(Bloomberg) -- Qualcomm Inc. shouldn’t be able to use a U.S. trade agency to knock out Intel Corp. as a competitor for chips inside Apple Inc.’s smartphones, a group of Apple consumers said in a court filing Thursday.
Consumers in a consolidated class action lawsuit accusing Qualcomm of antitrust violations want District Court Judge Lucy Koh in San Jose, California, to prevent the company from pursuing any import ban that might be imposed on Apple phones using Intel chips.
Qualcomm has filed patent-infringement complaints against Apple at the U.S. International Trade Commission in Washington, with a preliminary decision in one case expected in September. It’s part of a global billion-dollar battle between the companies over how much Apple should pay for access to Qualcomm’s technology used in mobile phones.
An import ban “would freeze out Intel’s nascent challenge to Qualcomm’s illegal monopoly,” the consumers said. It “would injure competition in a market already suffering from Qualcomm’s anticompetitive behavior.”
The consumers filed their suits to piggyback on one filed by the U.S. Federal Trade Commission which claimed Qualcomm was misusing its patents and market power to shut out competitors, particularly for Apple devices.

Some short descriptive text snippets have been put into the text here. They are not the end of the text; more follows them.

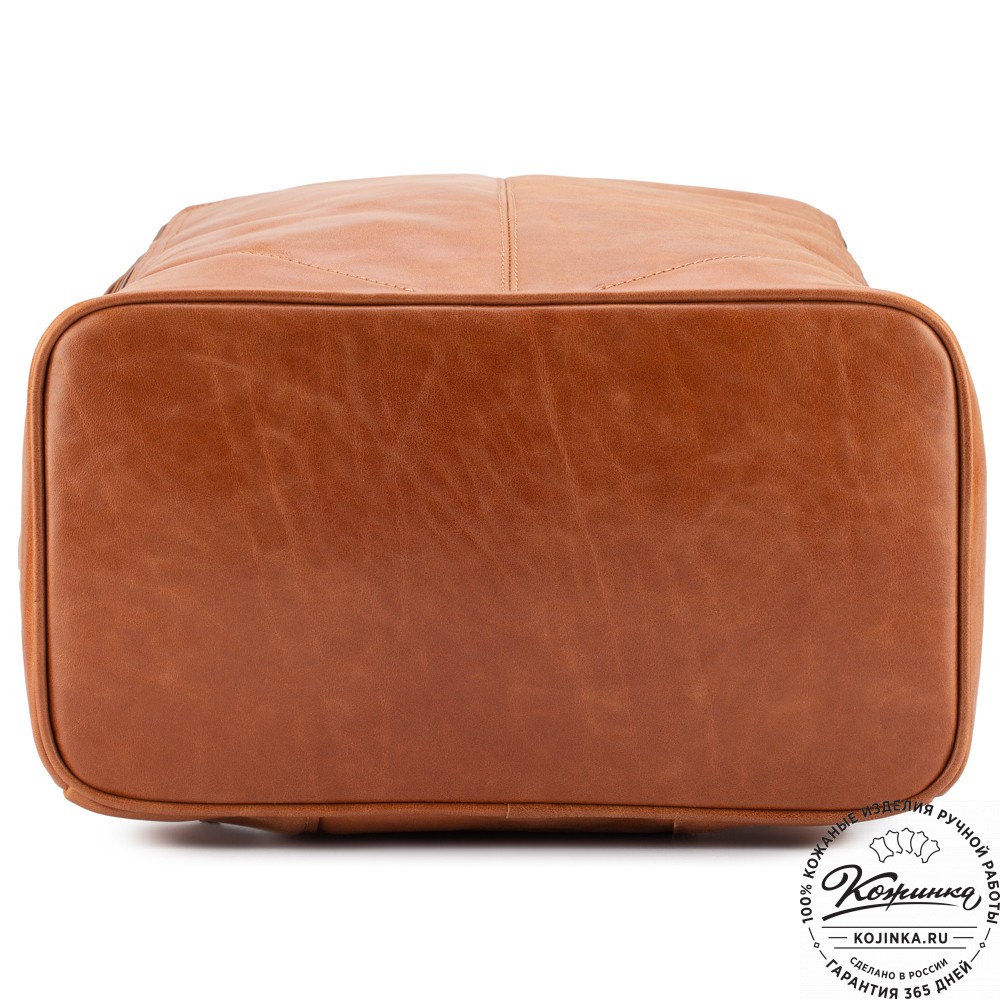 Кожаный рюкзак "Венгрия" (рыжий)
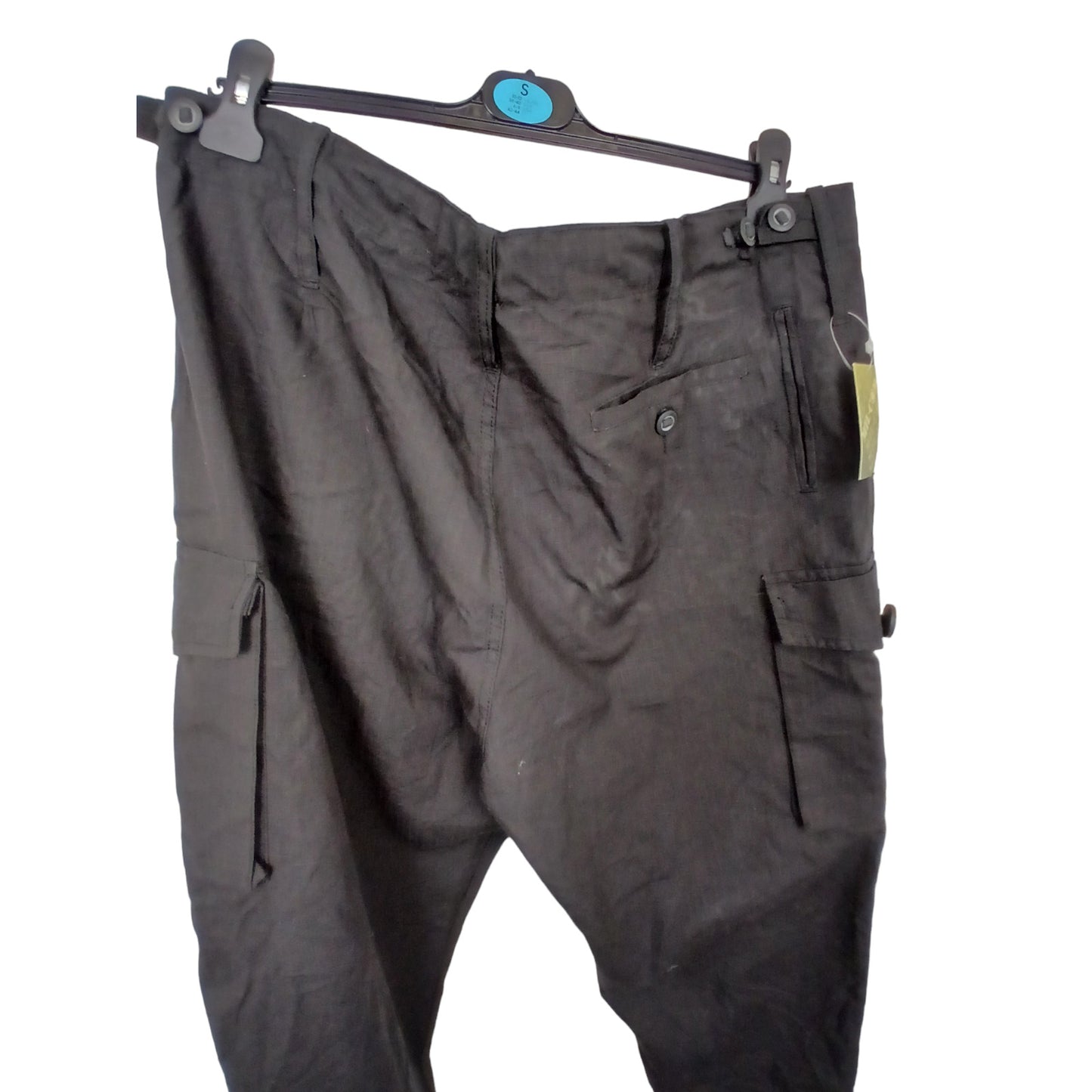 Mil-Com MOD Police Pattern Ripstop Trousers Black Tactical Security Size 40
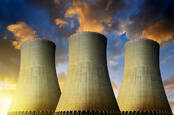 nuclear power plants cooling towers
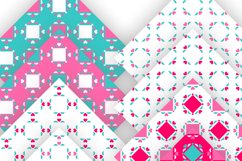 Checks with Hearts Seamless Patterned Paper Set of 12 PNG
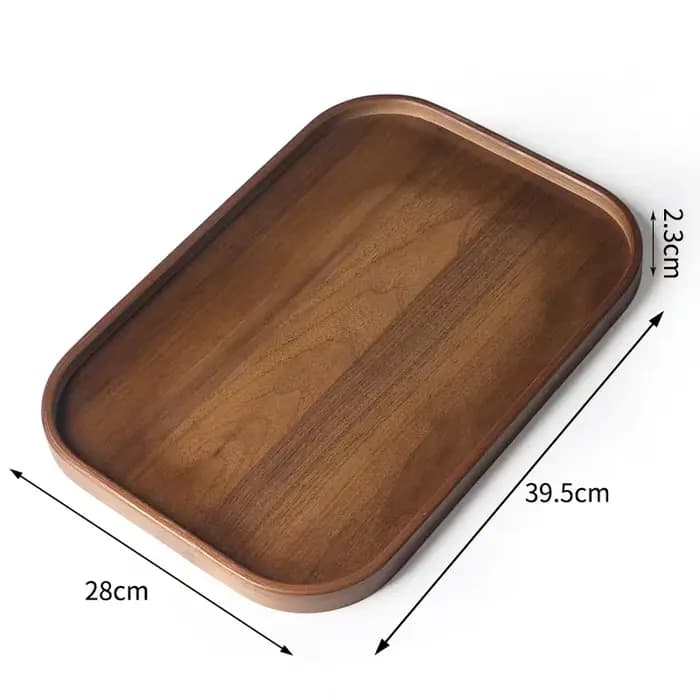 Plateau de service décoratif en bambou pour Table basse et décoration de maison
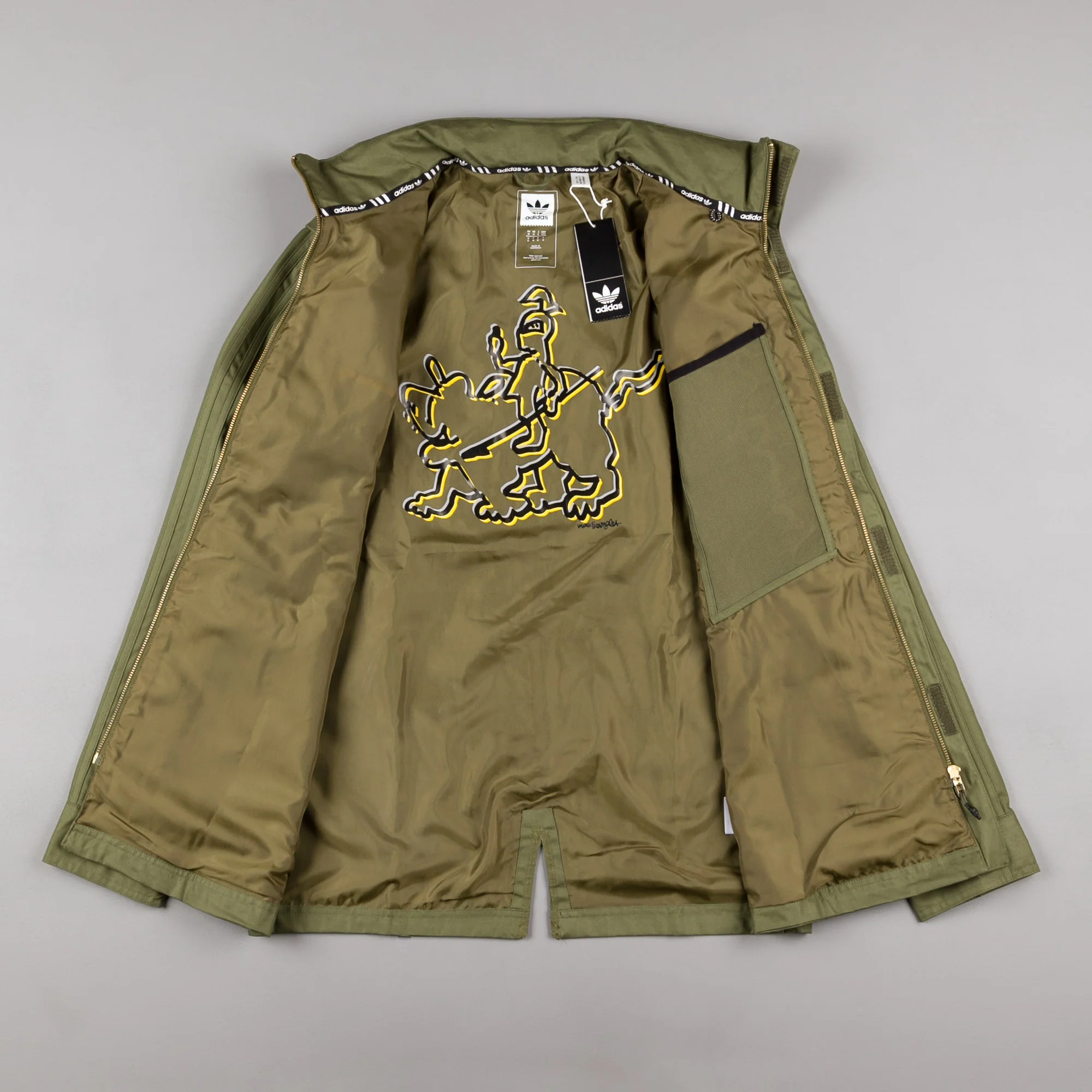 Adidas 83G Military Field Jacket - Olive Cargo - Image 3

Qualcomm denies having a monopoly and said it’s entitled to compensation for the billions it spends on ways to make all mobile devices work better. It’s accused Apple of refusing to pay a fair price for technology it uses, and in a filing in a state court on Wednesday said the iPhone maker is ignoring a court order to turn over needed information. It’s an argument Qualcomm has made before -- a judge in the FTC case sanctioned Apple in December.
Trade Judge Thomas Pender, who just finished up a trial in the case, indicated he was inclined to find Apple in violation of Qualcomm’s patent rights. The agency’s only remedy in such cases is to issue import bans, and Qualcomm has asked that such an exclusion order be imposed on iPhones that don’t have Qualcomm chips.
Since the height of the so-called Smartphone Wars between Apple and Samsung Electronics Co., critics have argued that the trade commission shouldn’t be dragged into commercial disputes that usually end up with monetary settlements. Apple filed complaints there against its smartphone rivals.
The agency, whose task is to protect U.S. markets from unfair trade practices, works more quickly than district courts. That speed -- and the possibility of being shut out of the U.S. -- can give patent owners powerful leverage in any negotiations.
The case is In Re: Qualcomm Antitrust Litigation, 17-MD-2773, U.S. District Court for the Northern District of California (San Jose).